§ 256 ZPO; §§ 2, 7, 10, 12, 13 StrEG

Leitsatz

  1. Auf eine Geltendmachung der durch die telefonische Kontaktierung eines Rechtsanwalts verursachten Verteidigerkosten im Wege der Leistungsklage muss sich der Kläger nur dann verweisen lassen, wenn ihm deren Bezifferung schon zum Zeitpunkt der Erhebung der vorliegenden Feststellungsklage möglich und zumutbar gewesen ist.
  2. Verteidigerkosten stellen einen nach § 7 StrEG erstattungsfähigen Vermögensschaden dar, wenn das gegen den Kläger geführte Ermittlungsverfahren nach § 170 Abs. 2 StPO eingestellt wird und die Kostenvorschriften der StPO für diesen Fall die Möglichkeit einer prozessualen Erstattung dieser Auslagen nicht vorsehen.
  3. Der ehemalige Beschuldigte kann nach den §§ 2, 7 StrEG für seine Verteidigerkosten nur eine Entschädigung bis zur Höhe der gesetzlichen Gebühren und Auslagen verlangen. Eine etwaig vereinbarte höhere Vergütung ist nach diesen Vorschriften nicht zu entschädigen.

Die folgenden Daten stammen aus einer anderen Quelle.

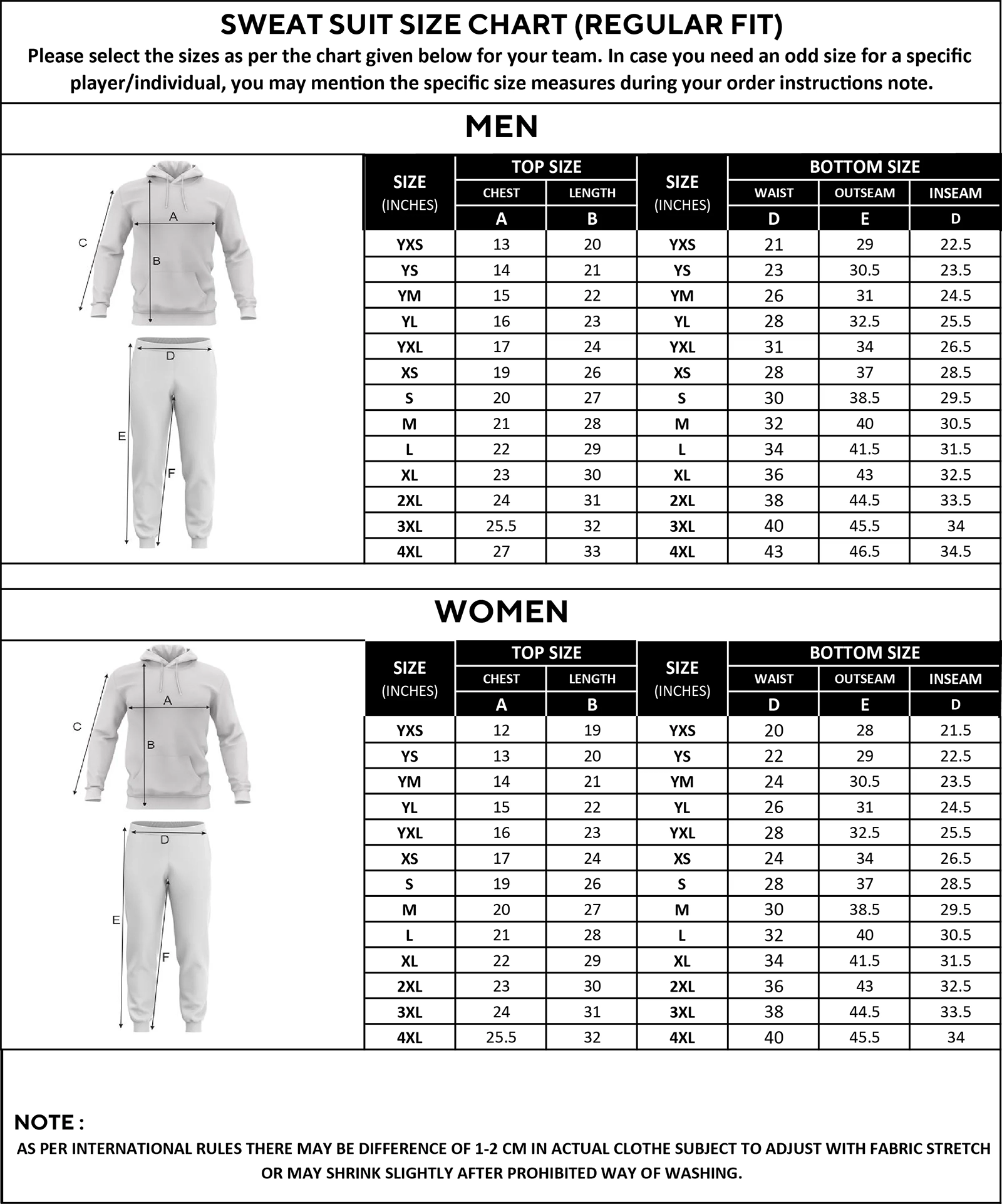Sweat suit size chart for men and women, including chest, length, waist, and inseam measurements.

OLG Hamm, Urt. v. 29.1.2021 – I-11 U 41/20

I. Sachverhalt

Die Parteien streiten um die Freistellung des Klägers von zu seinen Lasten durch eine Durchsuchungsmaßnahme verursachten Verteidigerkosten. Der Kläger hat gegen das Land NRW eine Feststellungsklage erhoben, die das LG nur als teilweise begründet angesehen hat. Die dagegen gerichtete Berufung des Klägers hatte teilweise Erfolg.

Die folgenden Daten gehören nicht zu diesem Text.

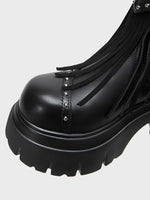 Black Studded Fringe Cowboy Boots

II. Zulässigkeit der Feststellungsklage

Das OLG hat die Feststellungsklage als zulässig angesehen. Die Zulässigkeit beurteile sich unabhängig davon, auf welche Anspruchsgrundlage der Kläger sein Feststellungsbegehren zu stütze, nach § 256 Abs. 1 ZPO. Auch hinsichtlich des vom Kläger geltend gemachten Entschädigungsanspruchs aus §§ 2 und 7 StrEG sei die Erhebung einer Feststellungsklage unter den in § 256 Abs. 1 ZPO normierten Voraussetzungen zulässig (Meyer, Kommentar zum StrEG, 10. Aufl., 2017, § 13 Rn 15; BeckOK-StPO/Cornelius, § 13 StrEG Rn 1; OLG Bamberg, Urt. v. 25.5.2009 – 4 U 198/08; LG Dortmund NJW-RR 1989, 129). Nach Auffassung des OLG, das seine Auffassung umfassen begründet, waren auch die in § 256 Abs. 1 ZPO für die Erhebung einer Feststellungsklage geregelten Zulässigkeitsvoraussetzungen erfüllt. Die vom Kläger begehrte Feststellung betreffe die Frage des Bestehens eines zwischen den Parteien streitigen Rechtsverhältnisses, nämlich die Frage, ob das beklagte Land dem Kläger aufgrund der Durchsuchungsmaßnahme vom 24.10.2017 nach den §§ 2 und 7 StrEG oder anderen Anspruchsgrundlagen zum Ersatz seiner bereits entstandenen und noch entstehenden Verteidigerkosten und sonstigen Vermögensschäden verpflichtet sei. Die Feststellungsklage sei auch nicht schon mangels eines allgemeinen Rechtsschutzbedürfnisses des Klägers an ihr unzulässig. Auch sei bei nachgewiesenem Feststellungsinteresse auch im Justizverwaltungsverfahren die Stellung eines bloßen Feststellungsantrag zulässig (BeckOK-StPO/Cornelius, § 10 StrEG Rn 5; OLG Rostock, Urt. v. 6.3.2003 – 1 U 171/02; Meyer, a.a.O., § 10 Rn 16; MüKo-StPO/Kunz, 1. Aufl., 2018, StrEG § 10 Rn 8).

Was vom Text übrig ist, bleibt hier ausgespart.